C’est très difficile, car l’eau a gelé et même les boyaux d’arrosage sont pris dans la glace…

Ma mère a l’idée d’aller à l’hôpital où plusieurs blessés ont été transportés…
La religieuse portière a la liste de tous ceux qui ont été admis, dont mon frère qui a subi des fractures à la colonne vertébrale et au poignet…
Avant d’entrer en salle d’opération il raconte qu’il a été réveillé par les cris des enfants qui heurtent son lit, quand il réalise le drame qui se déroule dans le noir, il tousse et étouffe à cause de la fumée, il ramasse sa montre et saute en bas du quatrième étage avec un compagnon…
Il atterrit sur la glace et rampe dans la neige jusqu’à la résidence des frères avant d’être secouru…
Il est trouvé inerte dans la neige…
Son compagnon ne peut bouger…
Gérard est opéré par le grand chirurgien orthopédiste le
Dr. Samson de l’hôpital Sacré Cœur de Cartierville qui se dévoue en opérant gratuitement les enfants blessés ou gravement brûlés sans s’arrêter durant plus de 24 heures…
Gérard subit une greffe osseuse à la colonne et pour ce faire, le chirurgien prélève une mince tranche d’os du tibia…
C’est du jamais vu et il est transféré en ambulance, à l’hôpital de Cartierville en banlieue de Montréal où il est resté 6 mois dans une sorte de corset de plâtre…
Ma mère voyage en train plusieurs fois par semaine durant ces 6 mois…
Les journaux font des affaires d’or en mettant à la « Une », la photo la plus prenante de l’évènement puis, durant les jours qui suivent, ils font des rapports réguliers avec force détails…
Les caméras de l’époque fournissent des images de ce feu fantasmagorique…
On donne la liste des disparus et de ceux qui ont été sérieusement blessés.
Des photos de ces étudiants s’étalent sur plusieurs pages avec la mention sous le nom de l’élève, blessé ou décédé.
Gérard, rentre à la maison 6 mois plus tard et ne parle jamais de ces choses du passé mais il n’est plus le même…
Il marche droit et s’en tire sans aucune séquelle…
Mais il n’ose pas aller à la plage avec ses amis à cause de la cicatrice qu’il appelle en plaisantant son zipper dorsal…
Il décède 14 ans plus tard à l’âge de 28 ans de la tuberculose, aucun rapport avec les blessures du passé…
Les victimes sont ensevelies dans le cimetière de Saint-Hyacinthe où une énorme pierre tombale est dressée à leur mémoire…
Tous les noms et l’âge de chaque enfant ou frère qui ont péri en cette nuit mémorable y sont gravés à tout jamais…
Une liste de 46 noms figure sur cet imposant monument…

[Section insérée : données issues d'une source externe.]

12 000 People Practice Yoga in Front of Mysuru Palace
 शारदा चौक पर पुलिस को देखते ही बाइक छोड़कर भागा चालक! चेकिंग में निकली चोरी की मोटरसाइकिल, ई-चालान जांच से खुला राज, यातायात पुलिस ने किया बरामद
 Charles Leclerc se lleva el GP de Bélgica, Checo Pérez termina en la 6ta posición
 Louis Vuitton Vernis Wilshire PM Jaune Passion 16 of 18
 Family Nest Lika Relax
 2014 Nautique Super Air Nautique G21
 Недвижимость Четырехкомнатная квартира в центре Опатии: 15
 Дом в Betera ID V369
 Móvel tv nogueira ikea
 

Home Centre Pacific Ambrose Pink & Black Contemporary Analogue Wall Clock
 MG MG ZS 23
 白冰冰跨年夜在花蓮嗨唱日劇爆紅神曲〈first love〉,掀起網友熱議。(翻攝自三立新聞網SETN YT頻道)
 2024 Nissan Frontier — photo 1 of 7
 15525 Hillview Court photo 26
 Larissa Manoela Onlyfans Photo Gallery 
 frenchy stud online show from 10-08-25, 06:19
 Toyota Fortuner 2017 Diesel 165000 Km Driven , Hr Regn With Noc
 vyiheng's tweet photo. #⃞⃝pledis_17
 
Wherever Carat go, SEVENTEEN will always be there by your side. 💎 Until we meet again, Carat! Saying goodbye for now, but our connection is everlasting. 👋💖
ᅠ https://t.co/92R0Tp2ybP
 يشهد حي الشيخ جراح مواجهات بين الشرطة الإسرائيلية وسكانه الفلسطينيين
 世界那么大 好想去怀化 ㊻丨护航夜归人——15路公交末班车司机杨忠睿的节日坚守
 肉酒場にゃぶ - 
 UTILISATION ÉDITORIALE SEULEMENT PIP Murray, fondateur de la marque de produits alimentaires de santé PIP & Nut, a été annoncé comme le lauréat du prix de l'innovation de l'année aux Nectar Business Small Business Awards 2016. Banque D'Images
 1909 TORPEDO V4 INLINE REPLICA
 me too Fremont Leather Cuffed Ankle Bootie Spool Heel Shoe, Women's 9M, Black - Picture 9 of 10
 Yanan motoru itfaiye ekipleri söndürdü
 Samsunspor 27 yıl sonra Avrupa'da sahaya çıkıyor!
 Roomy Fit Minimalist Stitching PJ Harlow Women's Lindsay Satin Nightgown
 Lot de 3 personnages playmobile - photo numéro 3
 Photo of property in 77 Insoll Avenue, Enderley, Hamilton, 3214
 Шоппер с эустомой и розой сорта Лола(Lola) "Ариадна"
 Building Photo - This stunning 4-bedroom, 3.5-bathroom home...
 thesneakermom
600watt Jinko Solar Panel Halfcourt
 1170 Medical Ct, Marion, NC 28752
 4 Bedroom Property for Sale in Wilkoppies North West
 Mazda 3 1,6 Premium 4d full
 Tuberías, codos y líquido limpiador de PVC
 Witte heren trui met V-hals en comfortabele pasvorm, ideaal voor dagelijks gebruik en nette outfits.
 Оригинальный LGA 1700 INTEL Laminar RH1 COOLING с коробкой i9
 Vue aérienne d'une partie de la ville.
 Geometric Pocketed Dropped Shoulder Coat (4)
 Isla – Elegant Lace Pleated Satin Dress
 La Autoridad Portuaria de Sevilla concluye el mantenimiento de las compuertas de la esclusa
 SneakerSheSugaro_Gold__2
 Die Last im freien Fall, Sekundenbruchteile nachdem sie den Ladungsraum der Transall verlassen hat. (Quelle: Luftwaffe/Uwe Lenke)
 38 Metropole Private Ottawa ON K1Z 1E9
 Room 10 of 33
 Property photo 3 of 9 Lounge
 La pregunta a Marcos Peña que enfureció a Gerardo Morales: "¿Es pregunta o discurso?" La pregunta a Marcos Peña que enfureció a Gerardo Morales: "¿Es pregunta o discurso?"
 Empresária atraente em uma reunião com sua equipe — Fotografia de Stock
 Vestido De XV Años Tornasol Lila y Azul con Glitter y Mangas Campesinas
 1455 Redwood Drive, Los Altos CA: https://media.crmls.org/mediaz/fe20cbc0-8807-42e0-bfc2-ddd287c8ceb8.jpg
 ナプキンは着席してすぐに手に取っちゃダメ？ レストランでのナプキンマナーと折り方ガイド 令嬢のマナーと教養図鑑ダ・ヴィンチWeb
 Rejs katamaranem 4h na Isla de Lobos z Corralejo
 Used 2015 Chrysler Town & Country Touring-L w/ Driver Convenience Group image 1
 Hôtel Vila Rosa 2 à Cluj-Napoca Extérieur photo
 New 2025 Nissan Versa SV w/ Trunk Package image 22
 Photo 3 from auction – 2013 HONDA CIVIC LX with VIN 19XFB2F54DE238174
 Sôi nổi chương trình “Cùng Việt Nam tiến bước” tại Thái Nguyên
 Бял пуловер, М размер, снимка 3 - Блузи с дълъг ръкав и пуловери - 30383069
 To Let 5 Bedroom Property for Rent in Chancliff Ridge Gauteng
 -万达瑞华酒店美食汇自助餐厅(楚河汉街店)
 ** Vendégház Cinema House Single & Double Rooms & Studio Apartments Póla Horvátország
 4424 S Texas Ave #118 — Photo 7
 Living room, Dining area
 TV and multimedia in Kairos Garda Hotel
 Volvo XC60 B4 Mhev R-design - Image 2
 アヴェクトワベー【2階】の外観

L’automne dernier, je me suis rendue prendre des photos au cimetière et j’ai constaté qu’après plus de 75 ans les gens se souviennent encore…
Il y avait un tout petit bouquet flétrissant au pied du monument…
Quelqu’un avait pensé à un anniversaire?
J’ai rencontré une religieuse qui travaille aux archives de la cathédrale et elle m’a raconté qu’elle avait assisté, impuissante à ce feu et que les gens pouvaient entendre les cris des enfants sans pouvoir leur prêter secours…

Évidemment, j’ai raconté ce qui est arrivé dans notre famille, mais parmi vous qui me lisez, vous savez peut-être vécu cet événement de façon différente dans votre famille?
Plus de 75 ans se sont écoulés…Qui pourrait bien se souvenir de tous ces martyrs?
J’ai voulu, par cet écrit, leur rendre un hommage particulier.